Dry your eyes, Prince Elphin.
Too much sorrow will not help you.
THE BOOK OF TALIESIN
When the drawbridge slammed down, Rob had barely leaped out of its way in time; he fell into the overgrown moat in astonishment. Then Clare grabbed his arm and hauled him into the gorse. “Fool! Keep down. Someone might be coming out!”
Cold with sweat, they stared.
The dark gateway remained empty.
Finally, Vetch’s whisper came from nearby. “I’m going across.”
The poet rustled his way through the undergrowth to the end of the drawbridge and stepped out. In the twilight he was a shadow, tall and dark. He paused, listening, then walked softly across the bridge, his footsteps echoing on the hollow boards.
He ducked under the gateway and vanished.
There was a long silence.
Rob fidgeted. “It may be a trap.”
Clare sounded coolly amused. “If it is, it saves me work. But I’m afraid Vetch is only too experienced in surviving.”
Rob looked at her sidelong. “You really hate him that much? I think he likes you.”
Her blue eyes met his. “Both can happen at once. You love your sister?”
“Of course I do....”
“Just as she loves you.”
He was silent. When he answered, his voice was a whisper. “She will when I rescue her. I thought…”
Clare smiled sadly. “No, you never thought, Rob. You never noticed. Why should you? She was just little Chloe, doing what she should do. Looking up to you. In awe of you.” She moved, rustling the elder flowers. “Until one day something changed.”
A whistle.
Vetch had come back out, and was beckoning. Silent, Rob followed Clare across.
“No one in the hall,” the poet whispered. “I think they may be up in the west tower.
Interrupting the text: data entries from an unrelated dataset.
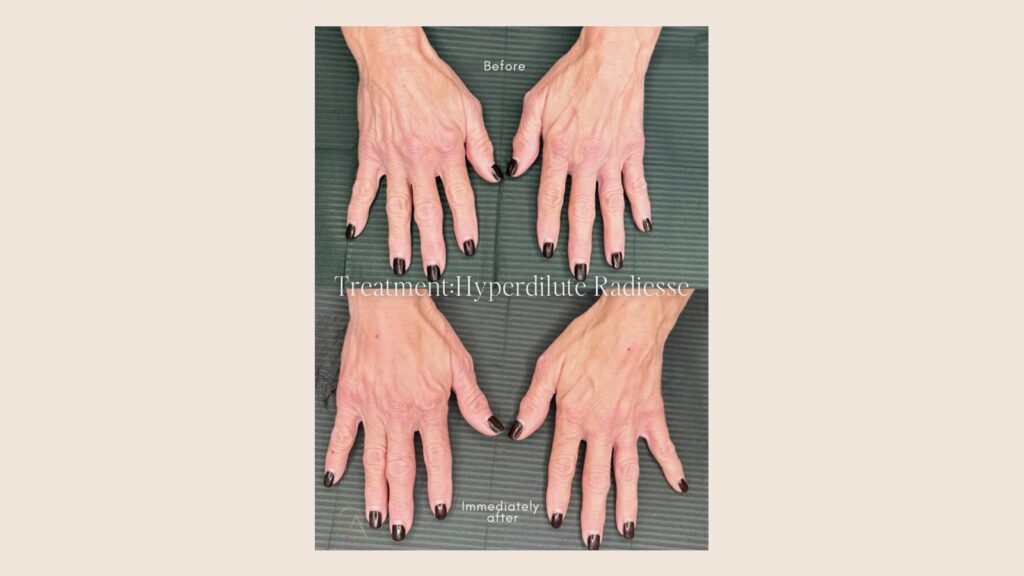 Hyperdilute Radiesse hand rejuvenation before and immediately after, actual patient treated by Olympia Morris PA-C in Palm Harbor FL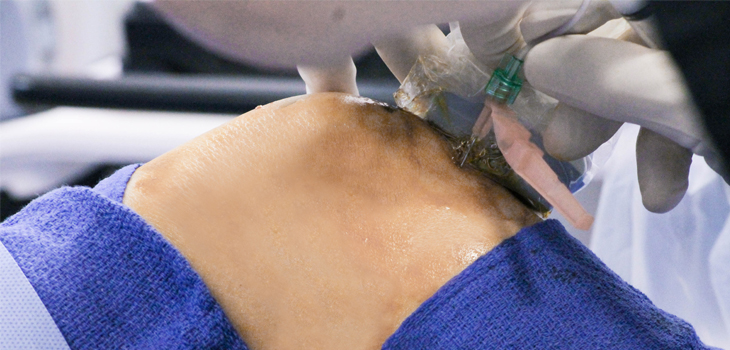 Amniotic Fluid Injections to Treat Painful Knees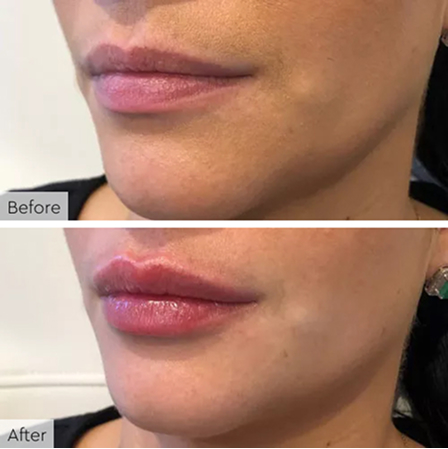 76efc376f2aa93b1a49312c24a370f5350e51b1c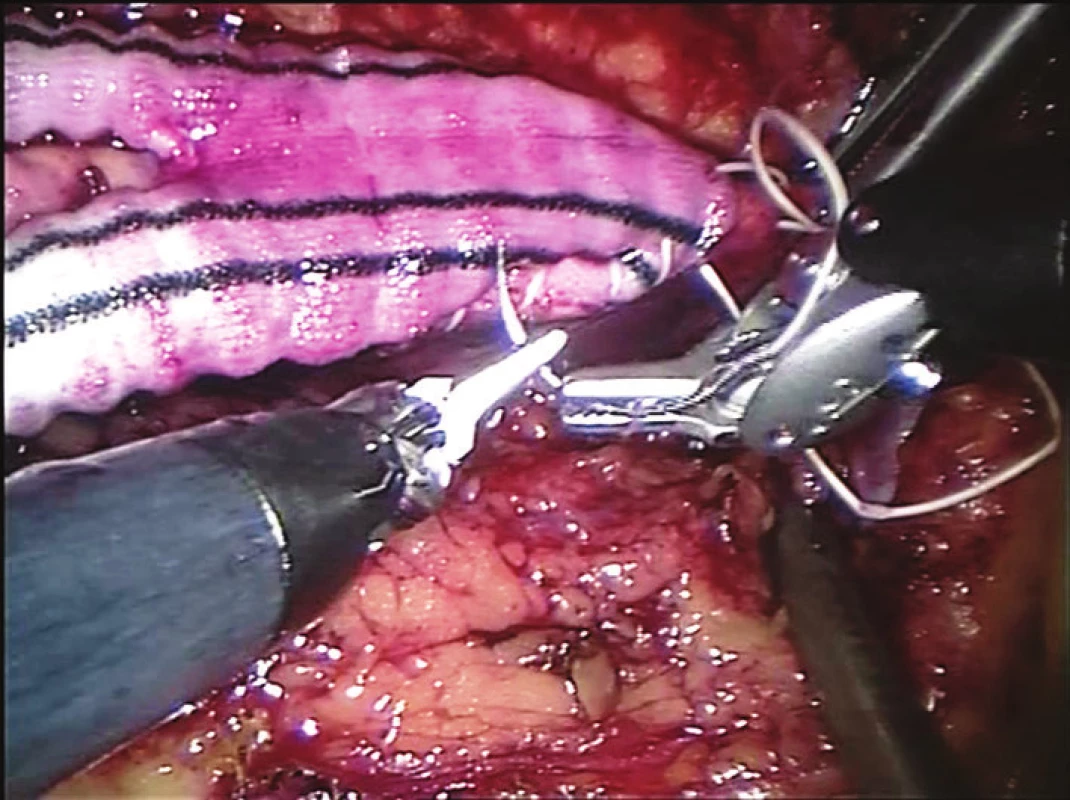 Centrální anastomóza aortobifemorální rekonstrukce (end to side)
Fig. 3: The central end-to-side anastomosis of an aortobifemoral bypass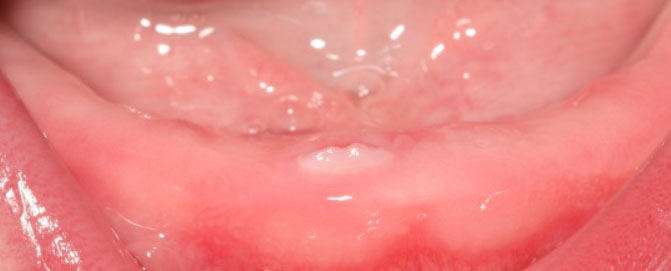 در آمدن دندان شیری نوزاد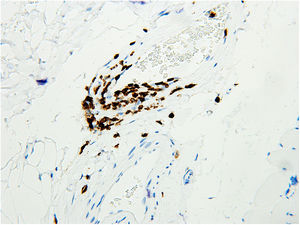 Immunohistochemical staining for T cells demonstrating lymphocytic infiltration of perimysial arterial wall (CD3 immunohistochemical staining 200×).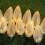 Premier Set of 20 Pine Cone Christmas String Lights with 80 Warm White LEDs 3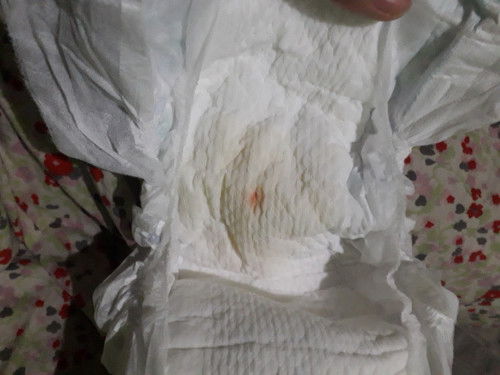 Bercak merah di diapers bayi 2 bulan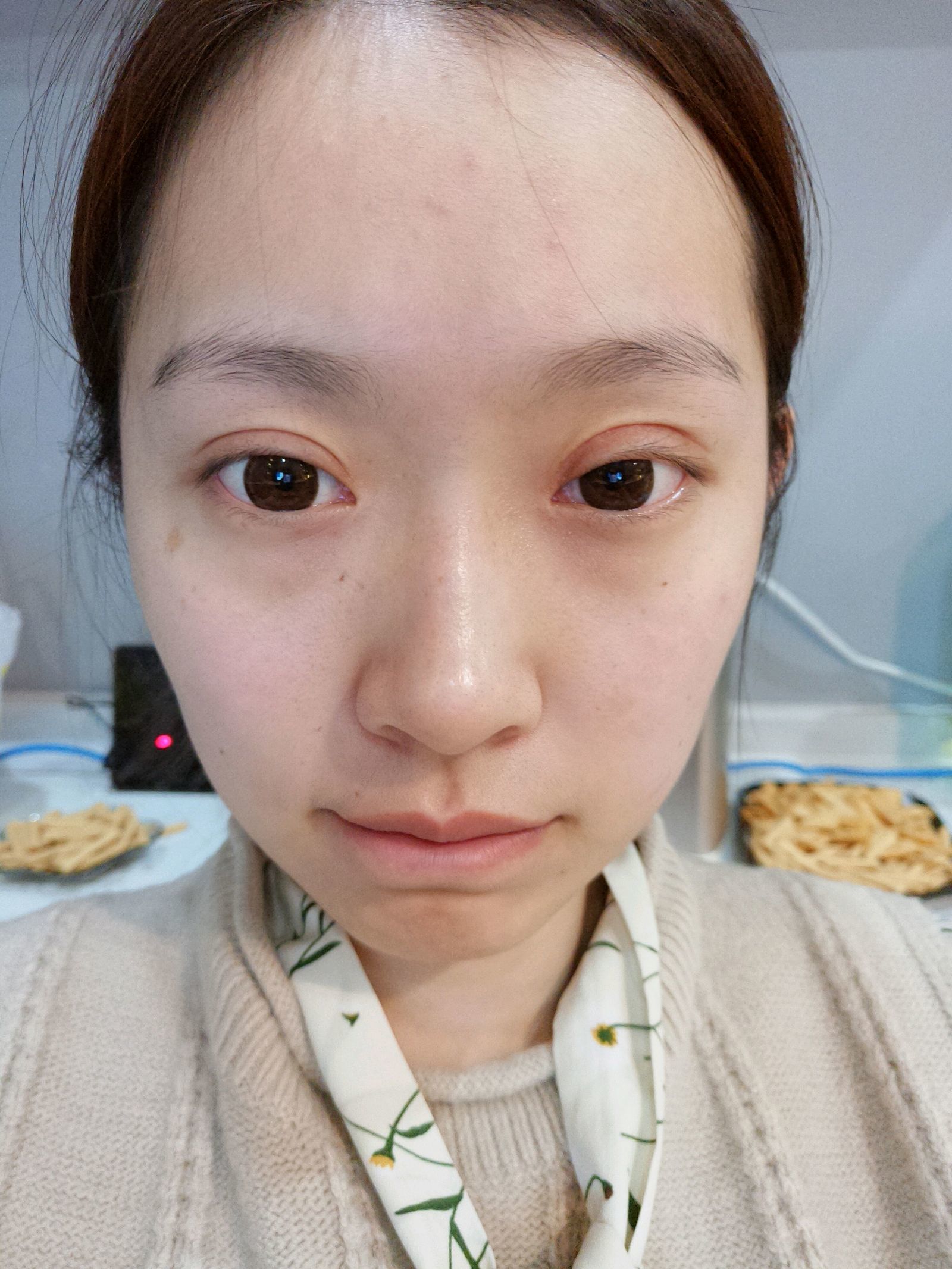 切开双眼皮第30天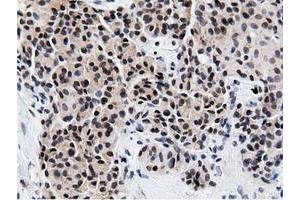 Immunohistochemical staining of paraffin-embedded Carcinoma of Human lung tissue using anti-NT5DC1 mouse monoclonal antibody. (NT5DC1 抗体)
I heard some sort of thud from up there.”
Clare nodded. “We need light.”
There was a candlestick on the table with seven candles in it. With Vetch’s tinderbox they managed to light it; then he took it in his hand and walked quickly up the stairs, throwing long mingled shadows behind him. Clare followed. Rob came last.
Halfway up he heard a sliver of sound behind him; a draft gusted the flames. He stopped and looked back.
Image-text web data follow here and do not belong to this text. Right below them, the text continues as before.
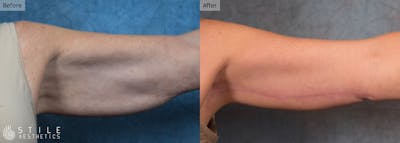 Arm Lift Before & After Gallery - Patient 365623 - Image 1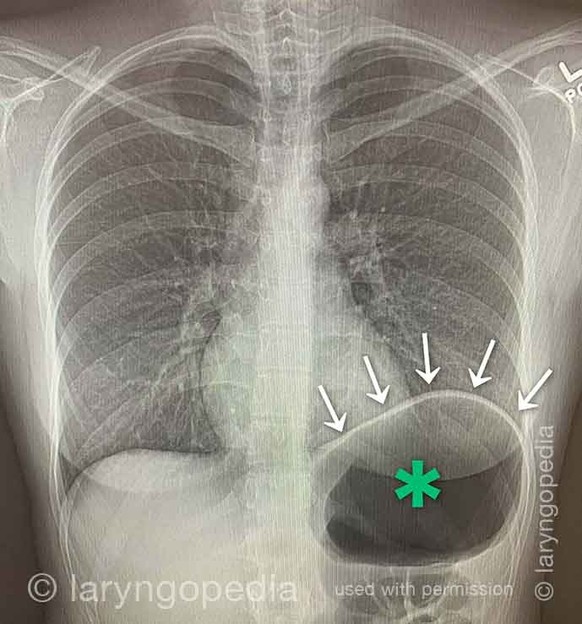 R-CPD retrograde cricopharyngeal dysfunction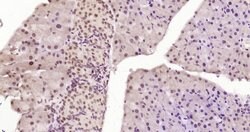 Phospho-HSF1 (Ser326) Rabbit anti-Human, Clone: 37E4, Bioss 100 &mu;L | Buy Online | Bioss | Fisher Scientific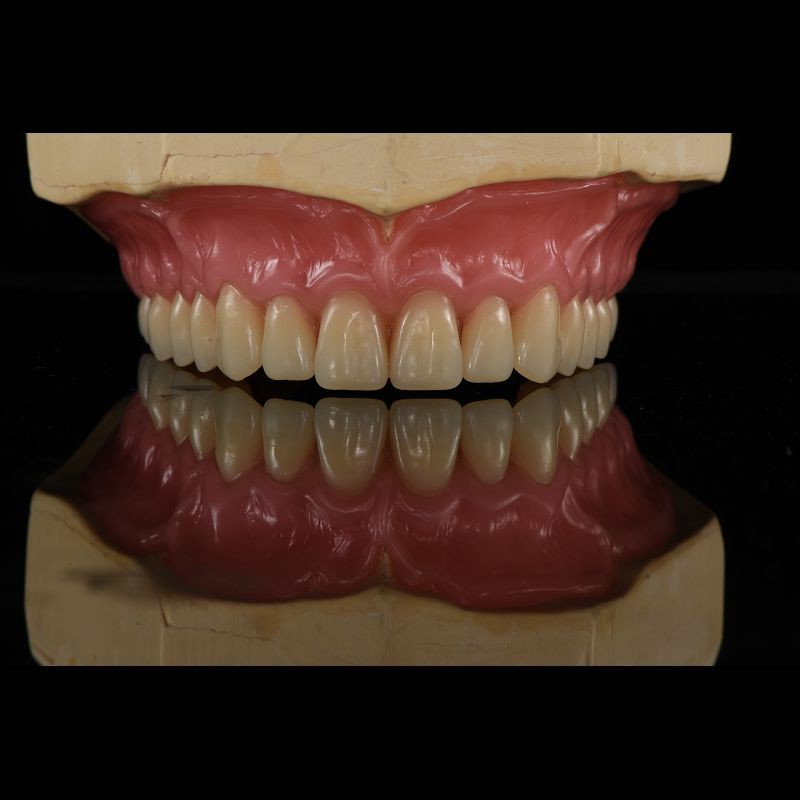 Removable Smile Full Acrylic Complete Denture Customizable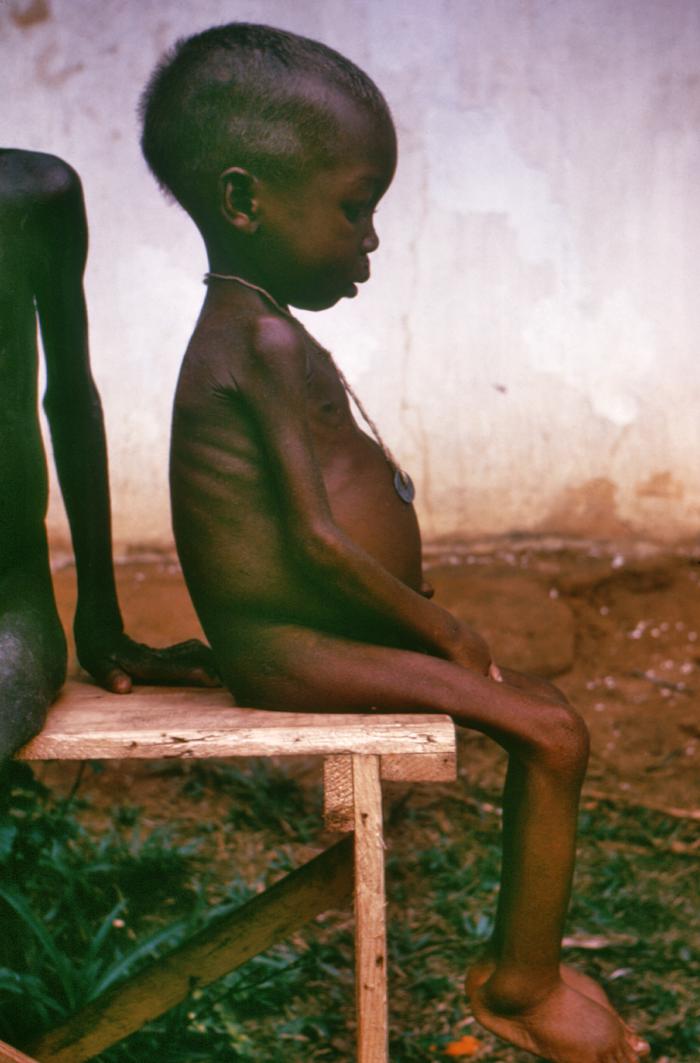Images such as this of a starving child in the international media generated sympathy for the plight of the Biagrans caused by the Nigerian blockade.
The room beside the gate had its door ajar.
Clare had heard it too. “Go on,” she said. “I’ll check it.”
Vetch’s voice was low. “I looked in there. It’s empty.”
Then Rob heard it, a muffled shout and thump, as if someone was banging on a door above.
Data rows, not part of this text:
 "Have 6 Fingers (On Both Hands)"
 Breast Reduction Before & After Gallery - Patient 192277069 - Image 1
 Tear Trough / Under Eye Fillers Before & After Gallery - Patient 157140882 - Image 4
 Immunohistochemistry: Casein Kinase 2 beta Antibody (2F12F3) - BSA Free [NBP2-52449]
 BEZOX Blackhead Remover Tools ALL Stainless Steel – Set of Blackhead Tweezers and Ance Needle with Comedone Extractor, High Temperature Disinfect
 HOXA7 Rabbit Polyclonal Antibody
“It’s her! He’s got her locked up.”
“Stay here.” Vetch turned to Clare. “Go halfway down and watch the stairs. The King may come up behind us.”
“And what do you expect me to do if he does?” she said acidly.
“I’m sure you’ll deal with him.”
“What makes you think I won’t join him? Draw him into my revenge?”
Vetch looked at her ruefully. “Goddess, I never know what you might do.” He nudged Rob; quietly, they went forward.
The corridor swirled with dust; a dark niche opened opposite a nail-studded door, and a window looked out onto the forest’s dark branches, pressed tight against the glass.
Under Rob’s feet drips of candle wax had lumped greasily on the floor. “Someone’s been standing here.” Leaning his head to the wooden planks, he said softly, “Chloe! It’s okay. It’s me, Rob!”
Silence.
“Can you hear? It’s really me.”
After a second he looked at Vetch. “She may be gagged,” the poet said. Then his face changed, a glimmer of surprise turning into wariness. “Well, well. Look at this.”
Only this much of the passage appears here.